New Orleans brass band
New Orleans, Louisiana

Paulin Brothers Brass Band

“I made history because I had so many sons in my band—especially playing this kind of music,” the late, great Doc Paulin once said. “That’s a wonderful thing.”

Ernest “Doc” Paulin was born in rural Wallace, Louisiana, in 1907, and passed away a century later downriver in New Orleans. In the 100-year interim, he built a venerable jazz legacy that his sons carry on today. Doc’s father was an accordionist, but Paulin was introduced to jazz music by his uncle, trombonist Edgar Peters, who gave him his first coronet and brought him to gigs in the Big Easy. Paulin moved to New Orleans in 1928. Doc Paulin’s Dixieland Jazz Band was a beloved fixture in the city for seven decades, playing Preservation Hall, regular gigs at the Corner Club, and leading joyful parades throughout the city’s wards.

Traditional New Orleans jazz embodies the creolized culture of that proud city, combining African, European, and Caribbean musical aesthetics into a distinctly American sound. Traditional New Orleans jazz had two birthplaces: one was the club setting, whether that meant an upscale jazz hall, neighborhood joint, or raucous house party; the other was the street parade, whether a “second line” funeral procession or a Social Aide and Pleasure Club outing. Whatever the setting, Paulin and his band came correct in the suits, ties, and white caps of the traditional parade band, approaching the music with a discipline and verve that made them a touchstone of New Orleans jazz.

Doc Paulin was also noted for his mentorship of younger musicians, including greats like National Heritage Fellow Dr. Michael White. “His band was like a school, in a sense, for traditional New Orleans jazz,” White recalls, "He embodied the spirit of the New Orleans jazz tradition in his manners and his trumpet playing and leadership.” Among those whom he taught were his own sons, who carry on his memory and musical legacy as the Paulin Brothers' Brass Band.

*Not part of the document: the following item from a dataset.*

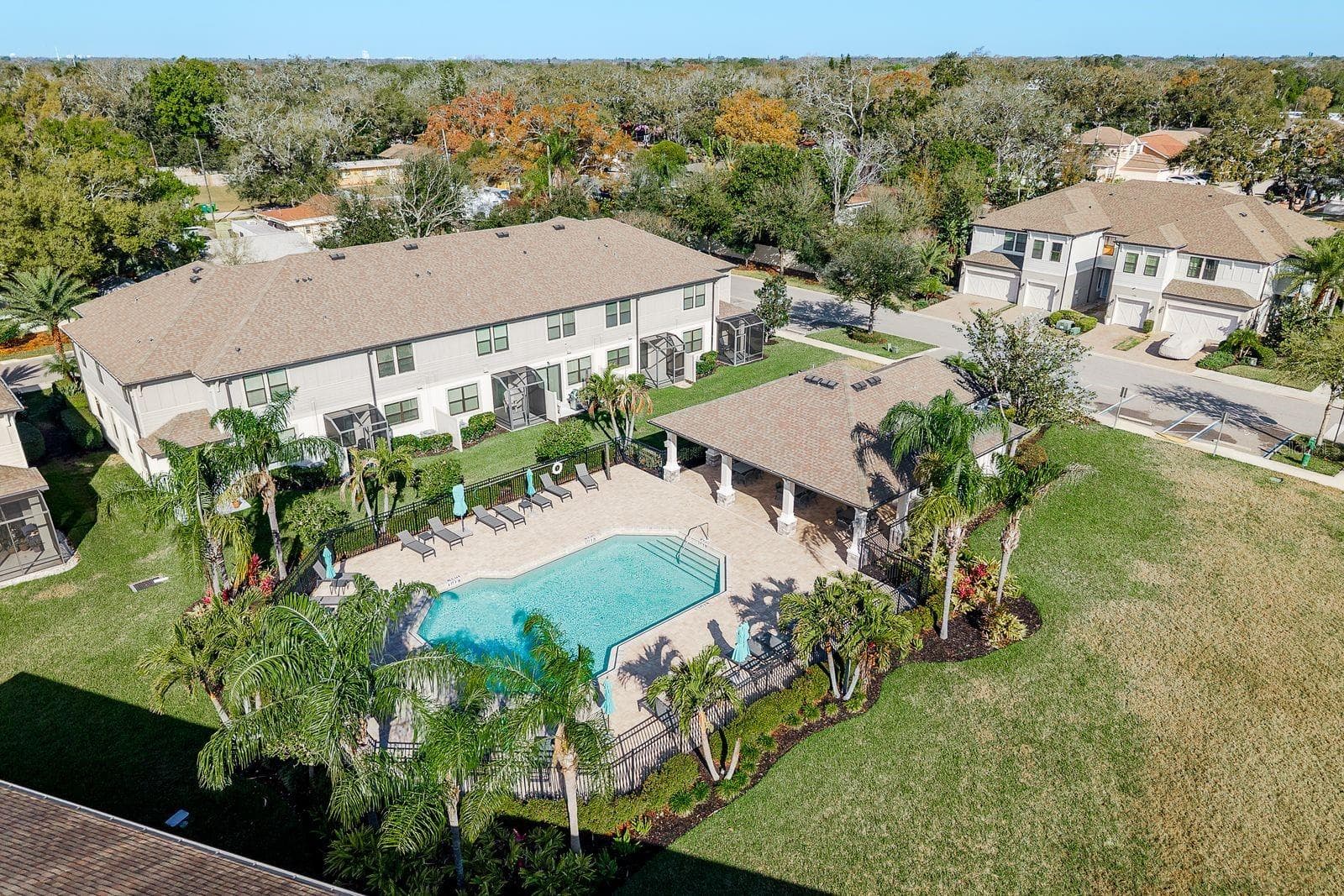 Single Family Residence at 2432 FOGGY CREEK CIR, CLEARWATER, photo 42 of 45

Between them, the five Paulin brothers appearing in Richmond nearly fill out the band’s seven-man roster, with Philip on trumpet, Dwayne on trombone, Roderick on tenor sax, Rickey on clarinet, and Aaron on bass drum. That’s no accident: as Doc Paulin once said, “It’s called simple economics.… The way I look at it, you don’t want a house full of trumpet players.” As New Orleans rebuilds with its vibrant musical traditions at the center, the Paulin Brothers' Brass Band leads the parade as champions of the jazz band tradition, playing to show the world that, as Philip Paulin notes, through all of life’s challenges and celebrations, “you can still enjoy what the good Lord has given you.”